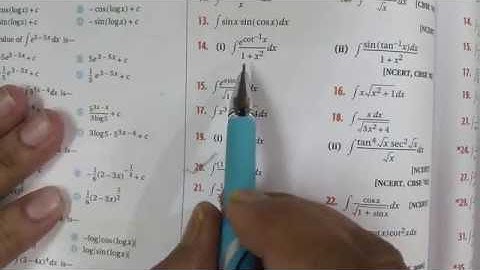 Class 12, Integration,Method Substitution,PART -3( SOLUTIONS )( S.N.Dey book),CBSE  ISC  HS  UP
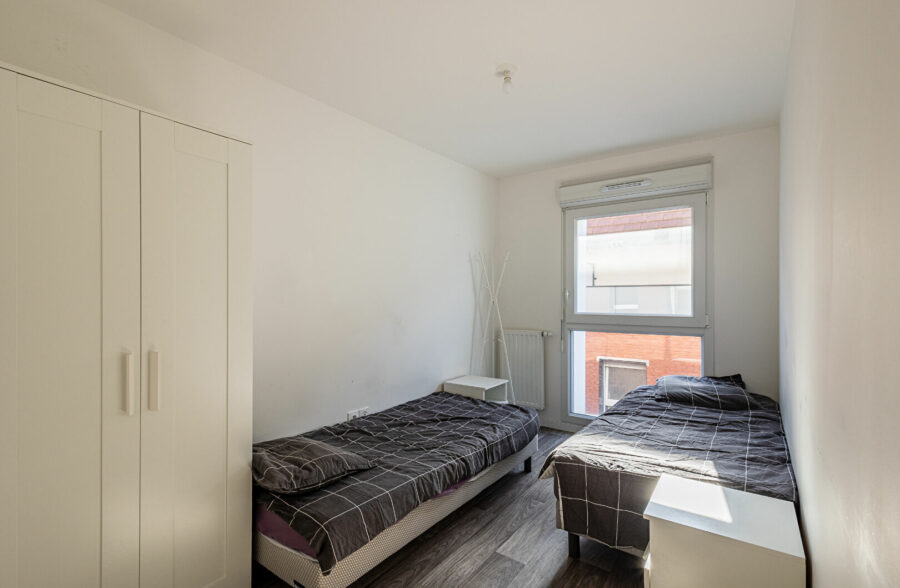 T3 La Madeleine avec balcon et parking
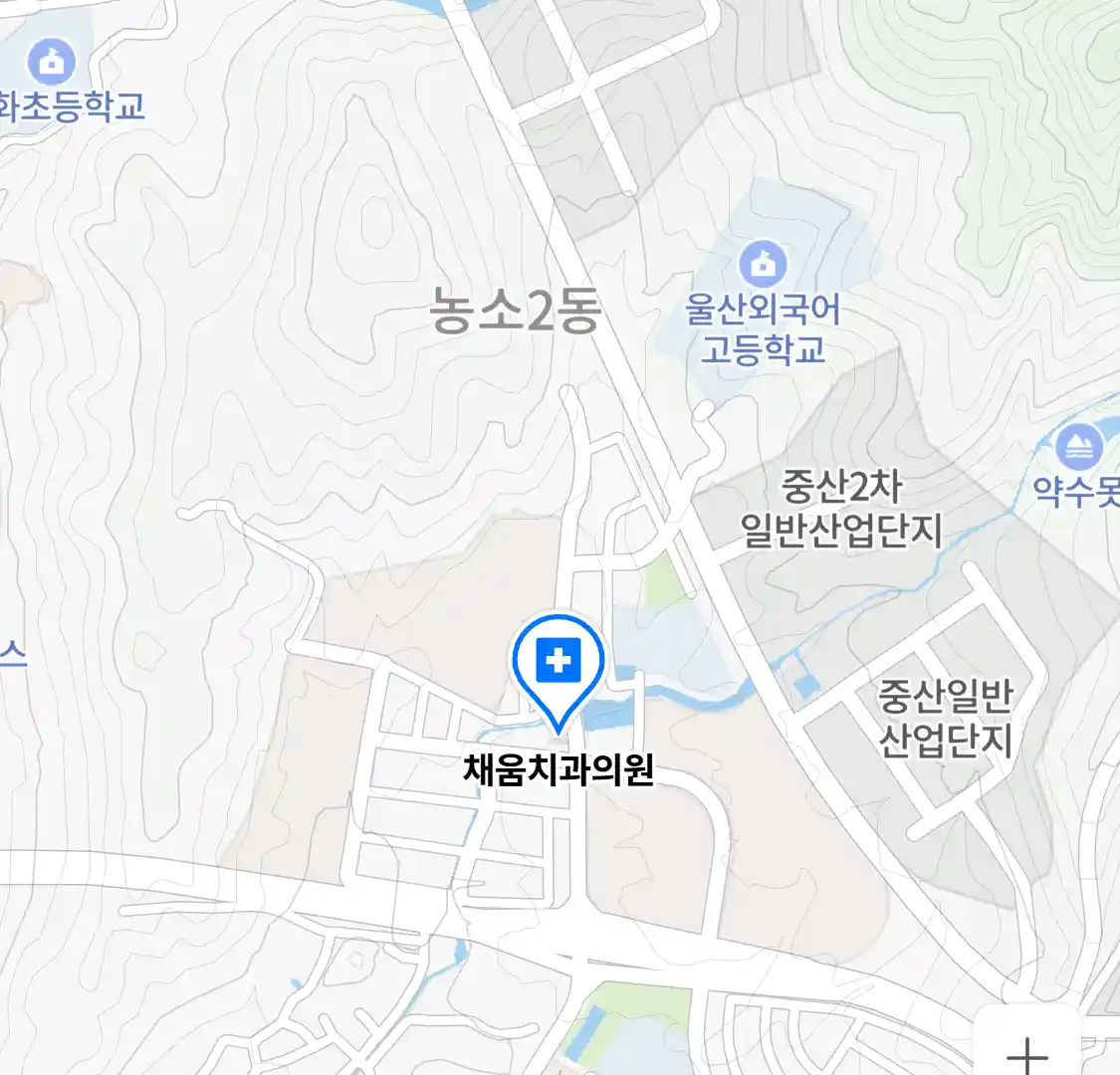 채움치과의원 위치
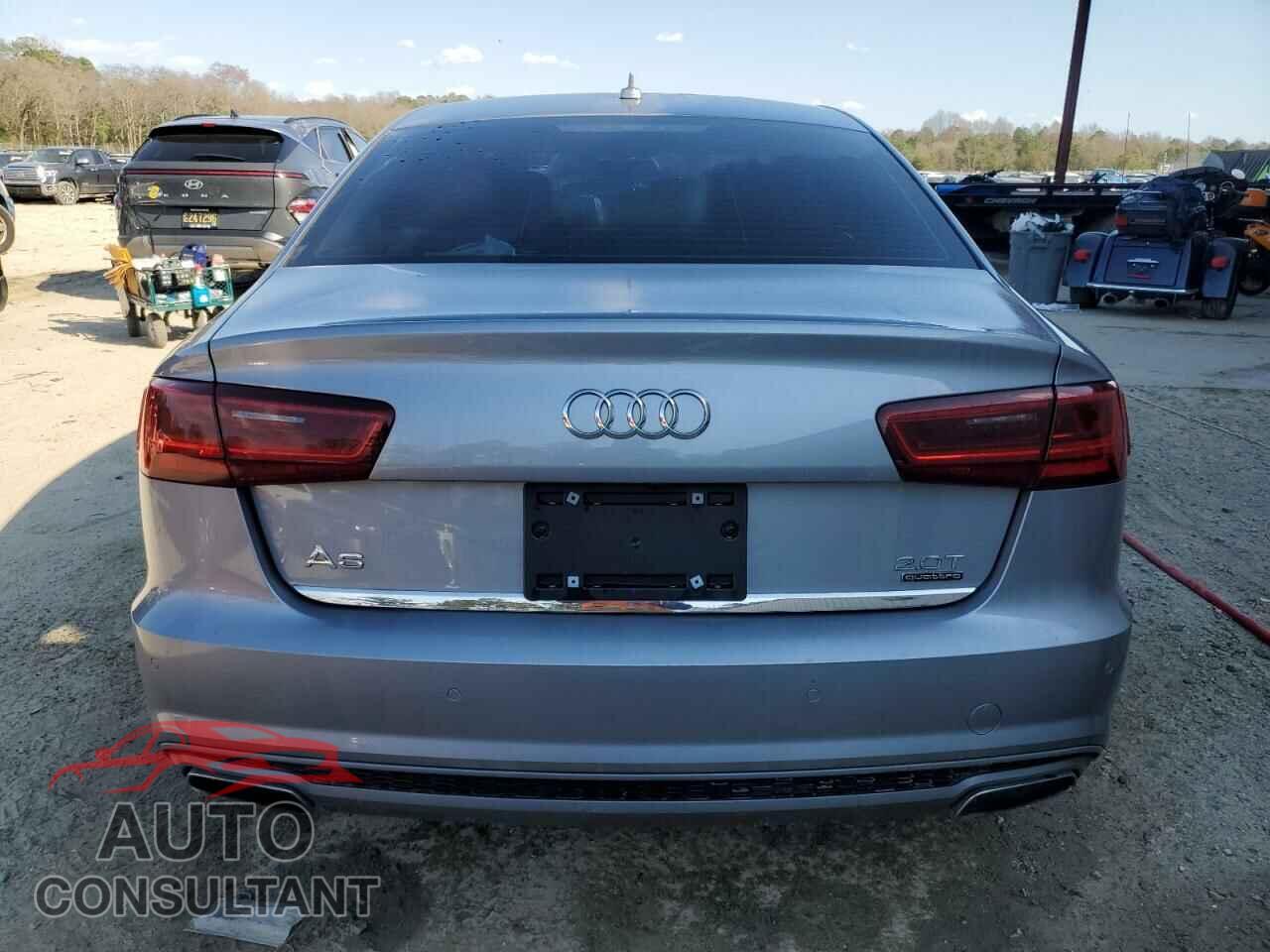 AUDI A6 2016 - WAUGFAFC8GN178074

Work task — Please transcribe the listing exactly as it stands, but omit its pictures.

Solution to the exercise —
 Class 12, Integration,Method Substitution,PART -3( SOLUTIONS )( S.N.Dey book),CBSE  ISC  HS  UP
 T3 La Madeleine avec balcon et parking
 채움치과의원 위치
 AUDI A6 2016 - WAUGFAFC8GN178074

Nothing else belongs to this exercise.